It is a moral imperative to make sure that short-sighted class warfare does not cut off the nose to spite the face by destroying this work under the guise of egalitarianism, because we can not turn on a dime and immediately grant it to everyone on day one. Yes, the rich will get it first. We need to ensure that market mechanisms remain functional and that they end up subsidizing the research the rest of us need. If we build gates and walls, they'll just end up captured in a heartbeat. Don't let them be built.

(Once the market has chewed on it and made it as cheap as possible, consider subsidizing it or something, but for the love of Life itself, don't break the market and destroy the research before it even happens. Seemingly suboptimal situations may need to be relatively briefly tolerated to make sure this happens at all.)



I have no problem with free market capitalism, if it's fair. But some think that companies like Genetech exploit the rules around patents and intellectual property at the expense of people's lives and receive preferential status.

There's a difference between making your money back to cover the cost of research and development while making a profit, and plain old greed. A 20 year lifetime on a patent with a 3-7 year window of exclusivity means you might be dead before you can afford treatment. That's one of the ethical issues that we will hopefully address in a sane and logical way as we move forward. How much money should one be able to make if they are adding days to your life?

I do agree that this type of thing may be helpful to humanity. I just cast a skeptical eye knowing how the drug industry has worked in the past.


Bear in mind I consider everything you just said to themselves be failures to allow for a free market. Patents are government monopolies, not creations of a free market.

(To which the natural next slur is "Oh, you want no regulation then?" No, I strongly believe a free market requires some basic maintenance to harness properly, and I'm a particular fan of internalizing externalities via government action. However, virtually by definition, if patents are being "abused", that is not maintenance; that's sand in the gears.)

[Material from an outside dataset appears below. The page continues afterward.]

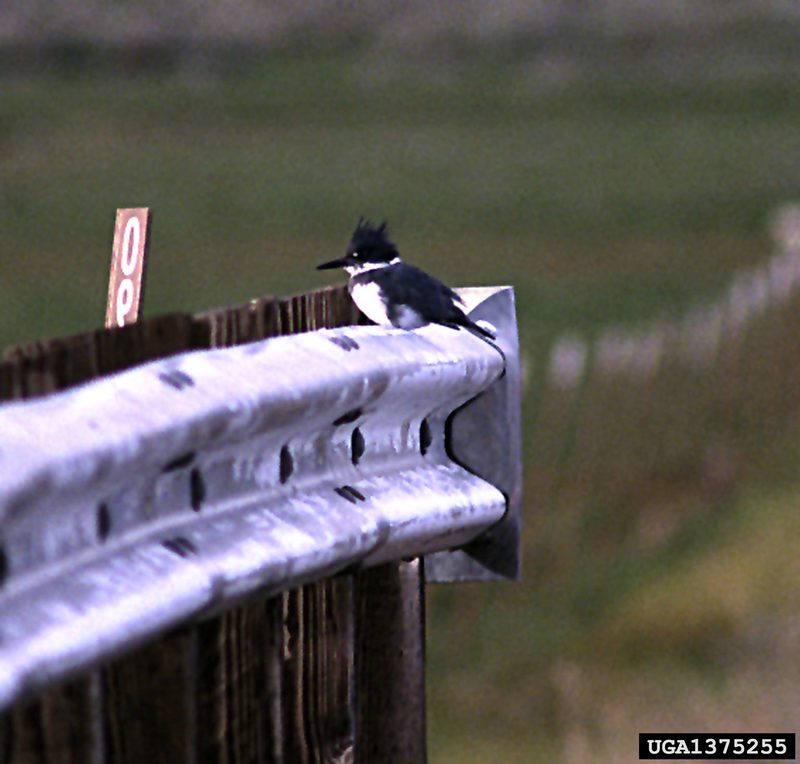 Belted Kingfisher (Ceryle alcyon) {!--아메리카뿔호반새-->; DISPLAY FULL IMAGE.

I consider the idea that we live in some sort of anarchic free market wonderland today to be nothing more than propaganda, used by those who want to use government to take even more control over your life. There's very few free segments of the modern market that are even remotely free; they simply aren't as centrally managed and regulated as they could be.


> I have no problem with free market capitalism, if it's fair.

Free market capitalism isn't fair. All the dynamics and mechanics of capitalism have nothing to do with fairness.


I should have qualified that statement more. What I meant was I am against rigging the system and cronyism. "Free market" was the wrong term. I prefer a market that is overlooked by society, with the authority given to government. It's a balance that is still unfair in a lot of aspects of course, because with a winner there is a loser. But the fairness comes in the fact that anyone can be a winner. We're still working on that obviously.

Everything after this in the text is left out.